(Reuters) - British outsourcing firm Mitie issued its third profit warning since September on Wednesday, saying contract signings continued to be delayed by Brexit uncertainty, and announced a new finance chief in a further change to its top management.
The company’s shares plunged about 16 percent in early trade to 173 pence, the biggest losers on London’s FTSE midcap index.
The pest control to property cleaning, security and ancillary healthcare services provider said the impact of the contract delays had been felt in its property management and technical facilities management units, while its cleaning division was underperforming.
While most British support services firms have reported resilient trading since Britain voted in June to leave the European Union, Mitie and rival Capita have both issued profit warnings, forcing them to take cost-cutting measures.
Mitie said that it would book an additional 14 million-pound one-off charge for the year to March 31, 2017 to reflect a more conservative assessment of its contractual positions.
It announced it had hired Sandip Mahajan, most recently finance head at construction firm Balfour Beatty Plc, as its new finance chief to replace Suzanne Baxter, who will step down from the board on Feb. 10.

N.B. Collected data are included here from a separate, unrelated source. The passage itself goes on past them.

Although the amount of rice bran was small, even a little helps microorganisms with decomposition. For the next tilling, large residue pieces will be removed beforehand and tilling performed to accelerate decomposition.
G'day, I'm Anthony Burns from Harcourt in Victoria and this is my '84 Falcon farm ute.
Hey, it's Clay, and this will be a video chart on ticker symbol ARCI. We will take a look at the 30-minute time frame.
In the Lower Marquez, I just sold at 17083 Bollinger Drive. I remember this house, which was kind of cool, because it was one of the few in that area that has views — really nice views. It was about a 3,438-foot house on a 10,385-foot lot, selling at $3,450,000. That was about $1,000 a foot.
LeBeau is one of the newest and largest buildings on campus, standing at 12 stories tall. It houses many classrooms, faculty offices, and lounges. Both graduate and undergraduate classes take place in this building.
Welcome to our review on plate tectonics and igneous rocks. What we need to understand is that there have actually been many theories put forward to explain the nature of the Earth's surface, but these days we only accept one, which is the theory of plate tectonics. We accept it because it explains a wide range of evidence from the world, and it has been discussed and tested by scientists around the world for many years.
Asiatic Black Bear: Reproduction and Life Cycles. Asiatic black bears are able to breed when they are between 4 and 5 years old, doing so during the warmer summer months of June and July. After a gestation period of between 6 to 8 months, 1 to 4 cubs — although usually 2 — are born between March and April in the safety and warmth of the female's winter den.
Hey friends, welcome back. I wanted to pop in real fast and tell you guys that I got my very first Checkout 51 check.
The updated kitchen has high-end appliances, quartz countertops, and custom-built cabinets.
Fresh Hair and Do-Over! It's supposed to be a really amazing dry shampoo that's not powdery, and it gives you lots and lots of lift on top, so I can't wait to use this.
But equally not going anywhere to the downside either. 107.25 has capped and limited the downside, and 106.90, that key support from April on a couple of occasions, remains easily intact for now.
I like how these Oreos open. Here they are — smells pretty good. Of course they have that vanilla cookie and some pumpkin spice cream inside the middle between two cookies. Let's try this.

The move marks another reshuffle of the top management after Phil Bentley became CEO in December, taking over from Ruby McGregor-Smith who had been at the helm for over nine years.

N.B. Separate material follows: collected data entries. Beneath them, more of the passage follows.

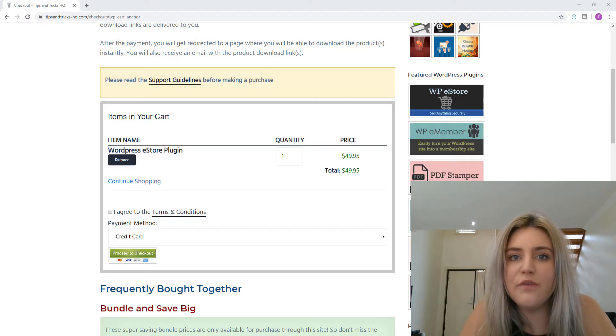That brings me to the end of this short tutorial on the benefits of having multiple payment gateways on your website's checkout page. If you're looking for an e-commerce solution for your WordPress website that can handle multiple different payment gateways, please take a look at our Tips and Tricks HQ WP eStore solution.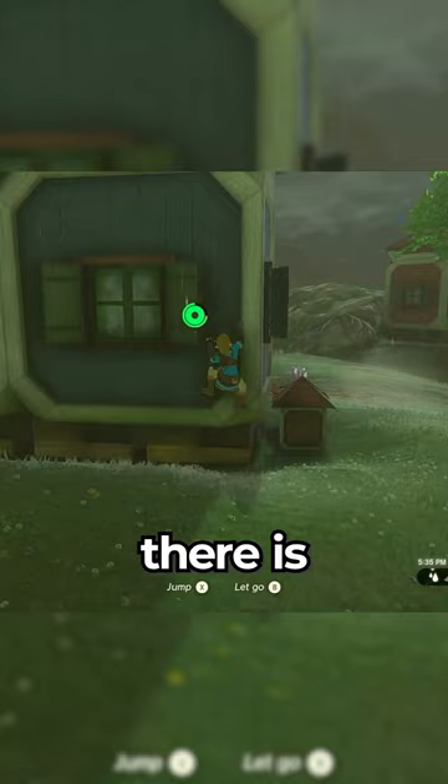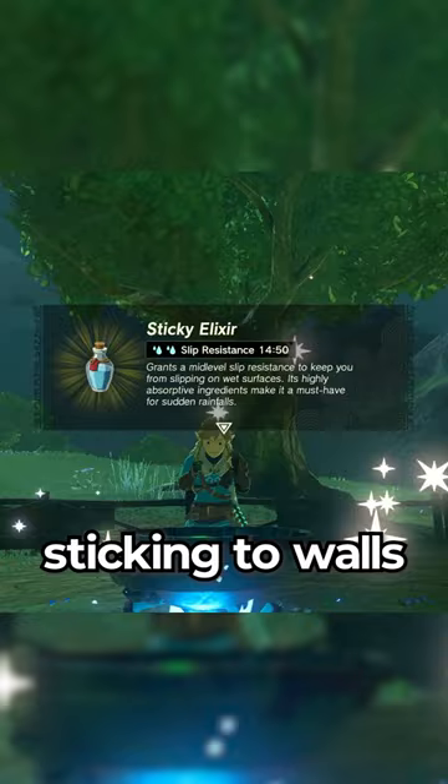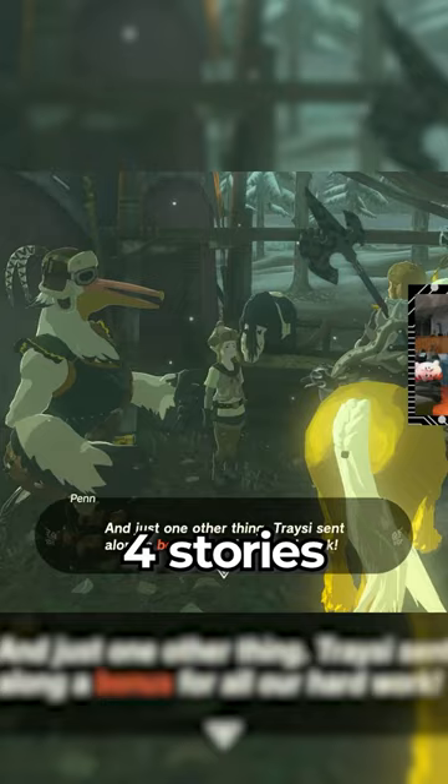There are many different cooking items to help out with sticking to walls, but if you head on over to the Lucky Clover Gazette in the Heber region, you can become a reporter and for every four stories you cover at stables, you'll get a piece of the froggy armor set. Solve all twelve mysteries to get the full set.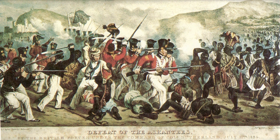On 6 March 1957, the colony of Gold Coast gained independence as the country of Ghana.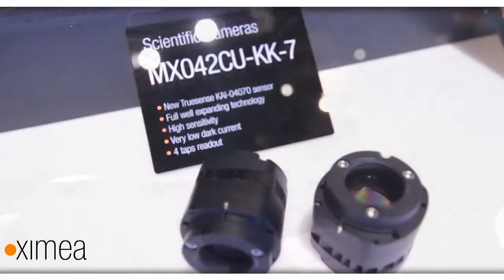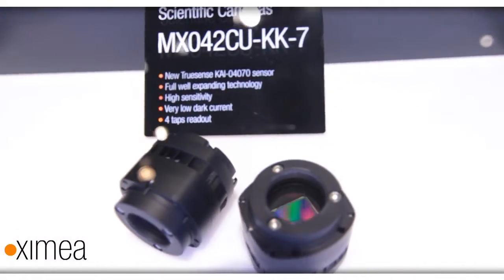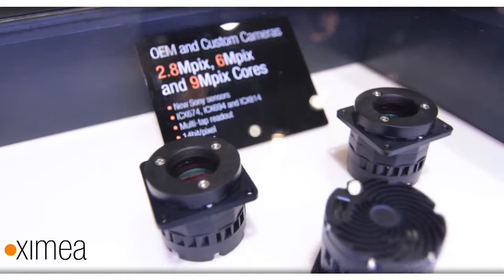Our other range of products covers scientific and high-end cameras based on the newest 4-tap Sony and TrueSense sensors. To get more information about our products and services, please visit our website at zimea.com.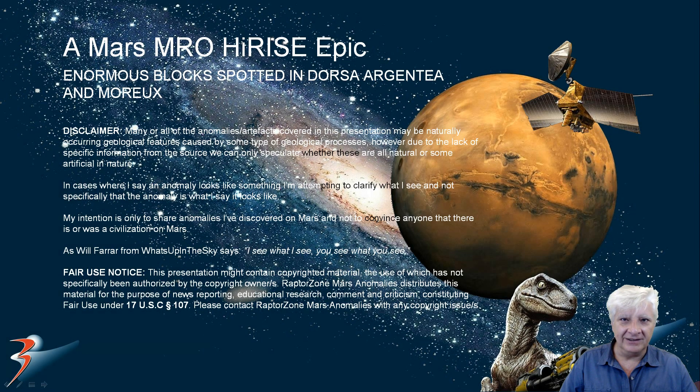Hello everybody, welcome back to the channel. Jarnia with more Mars anomalies and artifacts. This time we are checking out two enormous blocks discovered in the Northern Hemisphere and Southern Hemisphere of Mars — Dorsa Argentina and Moreau respectively.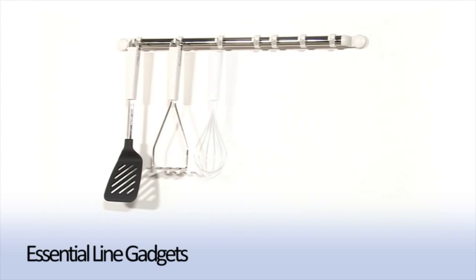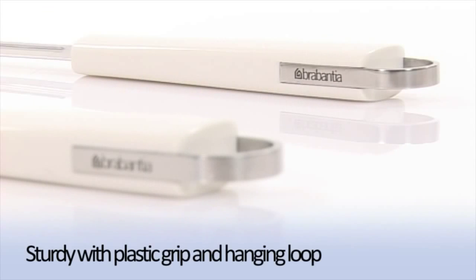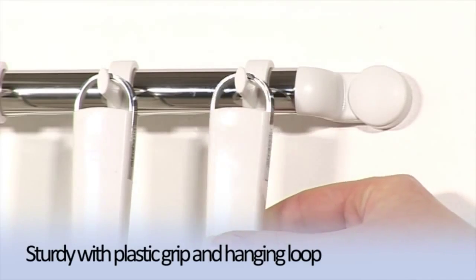Introducing Brabantia's Essential Line Gadgets, the perfect aid in your kitchen. This wide selection of kitchen gadgets are all made with a sturdy plastic grip and feature a handy hanging loop for convenience and space saving.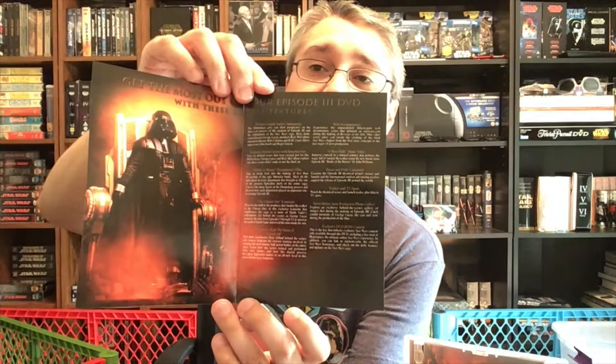Inside, we have a similar insert to what we've seen elsewhere — 'Saga is complete' and all — with English chapter listings, information about the special features, legalese around the edges. Disc one is Star Wars Episode III Revenge of the Sith, Lucasfilm rating, DVD 9, dual-layer, single-sided disc, with a note that layer transition may trigger a slight pause, product number, 20th Century Fox Home Entertainment, region 4 PAL, DVD, and copyright symbol.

Analysts say Mitie could underperform rivals in uncertain markets as it had not anticipated the additional costs from new UK labour laws on pay and training, as others had done last year, and discretionary spending in higher-margin businesses such as catering services were more vulnerable to clients seeking to cut their own costs.

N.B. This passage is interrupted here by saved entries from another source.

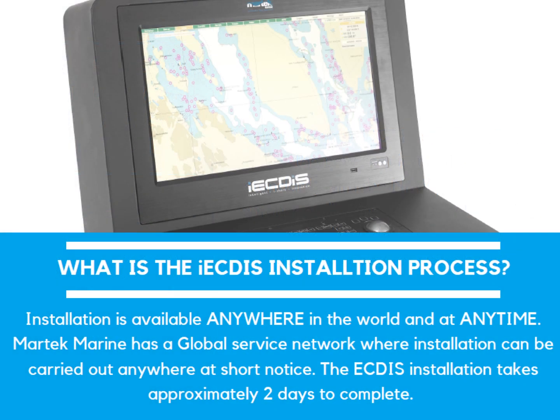What is the iECDIS installation process? Installation is available anywhere in the world at any time. MarTech Marine has a global service network where installation can be carried out anywhere at short notice. The iECDIS installation takes approximately two days to complete by our engineers.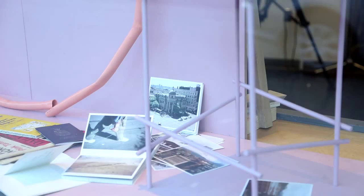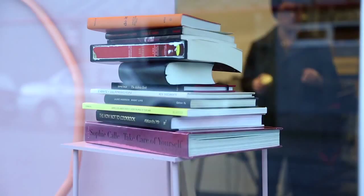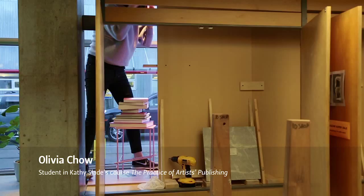Olivia really did a good job. She was researching artist books that pretend to be other kinds of books, like everyday books. She was looking at artists who make records, and artist books that look like maps or look like cookbooks.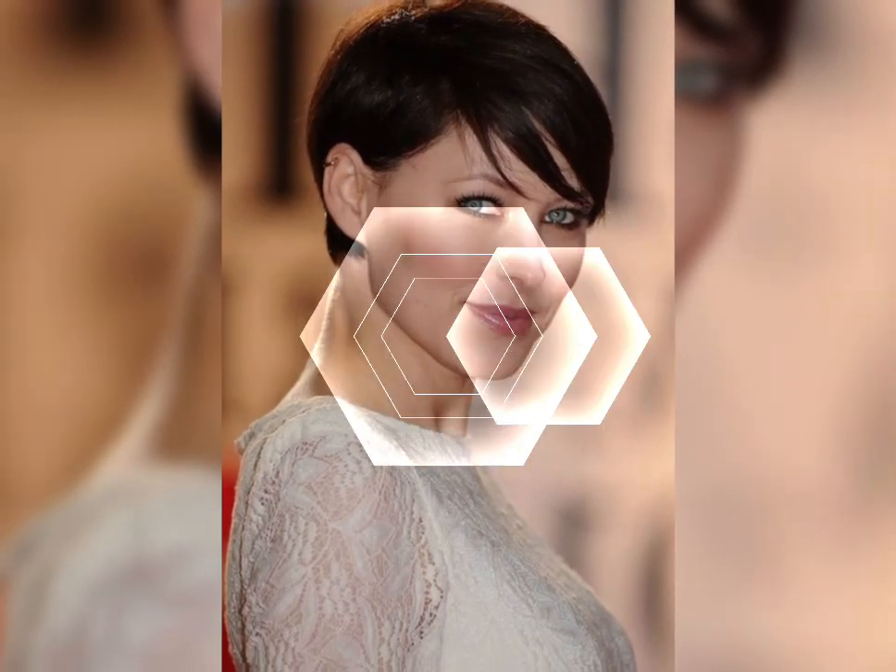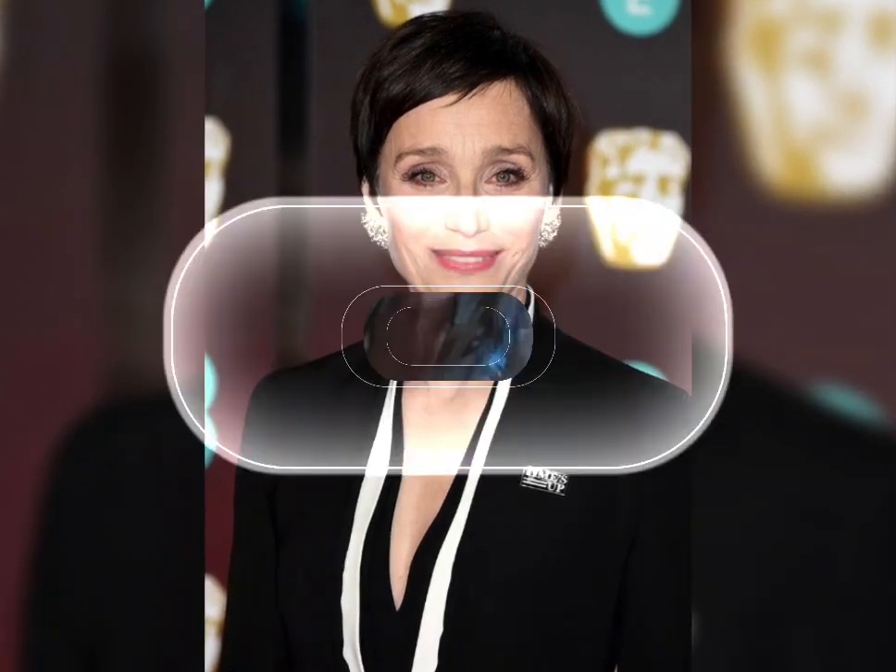Hey, my dear viewers and my beautiful beauty family, how are you? I hope all of you are fine and happy. Today I am going to show you a very stylish and timeless bob haircut.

Mitie said in November it had decided to withdraw from the low-margin home healthcare services market, while Capita announced the sale of its asset management services arm in December.
On Wednesday, Mitie said full-year underlying operating profit, including ongoing healthcare losses but before previously disclosed one-off costs of 10 million pounds, was now expected to be in the range of 60 million to 70 million pounds.
Ahead of the update, analysts had expected comparable profit of around 91 million pounds, according to a company-compiled consensus.